A quoi cela sert de commencer un texte en dressant le profil ethnique des participants majoritairement « blancs » sans dire ce que cet élément de description apporte à la compréhension de la situation (à part peut être suggérer que la présence du vrai sujet révolutionnaire, le « racisé », fait défaut, ou que le mouvement, parce qu’il est composé "probablement" en majorité de blancs, est en soi raciste ?). L’affirmation selon laquelle les participant-es seraient « souvent âgée » démontre jusque que les personnes qui ont écrit ce compte-rendu n’ont tout simplement pas participé à l’événement, à titre d’observateur au moins, pour s’apercevoir de son caractère transgénérationnel, et que les gens ne se sont pas contentés de "rester dans leur bagnole". De fait, l’opération escargot de la rocade transformée en blocage ressemblait à certains endroits à un piquet de grève, avec tables, bouffe, bière, vin, café, brasero, burn de motos (moins habituel), musique (des bérus à saez, entrecoupé, certes, de quelques marseillaises).

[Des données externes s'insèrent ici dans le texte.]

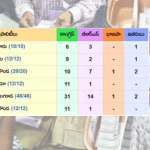 మున్సిపల్ పోరులో కాంగ్రెస్ క్లీన్ స్వీప్: 90 పురపాలికలు కైవసం!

Dresser un profil ethnique et générationnel de ce mouvement en moins d’une journée en dit long sur les capacités intellectuelles omniscientes de l’intelligenstia radicalisée pour laquelle ces initiatives sont soit directement pilotées par l’extrême droite, soit réactionnaires par essence donc essentiellement le terreau sur lequel l’extrême droite va se renforcer. Étant données les positions qui relèvent d’un marxisme orthodoxe éculé pour lequel le seul vrai sujet révolutionnaire est le prolétariat industriel (et la seule vraie lutte celle liée à la production ou au travail), ou pour les plus "post-modernes" le sous-prolétariat « racisé » qu’on ne cesse d’opposer aux "blancs privilégiés", il semble effectivement que ce mouvement soit du pain béni pour l’extrême droite à laquelle nous laissons, par notre mépris et distance, tout un espace politique à prendre.
Une révolte spontanée
Des centaines de milliers de personnes voient fondre leurs retraites, leurs salaires directs stagnés et indirects diminués, les impôts augmentés. Elles observent le renchérissement des coûts des biens et services comme l’essence, qui constitue un bien de "première nécessité" dans une société urbanisée où les lieux de travail, de loisir, d’éducation, se situe à distance du lieu d’habitation. Elles s’organisent et se « révoltent » un peu spontanément sur des revendications sommes toutes assez claires : on veut la démission de Macron et la baisse des taxes. Elles critiquent les dirigeants économiques et politiques en place. Malgré cela, on s’agite pour qualifier ce mouvement de confus, trop « simples » (par rapport à la complexité politique souvent toute aussi confuse de nos théories tellement progressistes), réactionnaire, et déployer toute une conceptualité politique méprisante à l’égard de ces blancs privilégiés ou de ces classes moyennes en voie de déclassement et de prolétarisation.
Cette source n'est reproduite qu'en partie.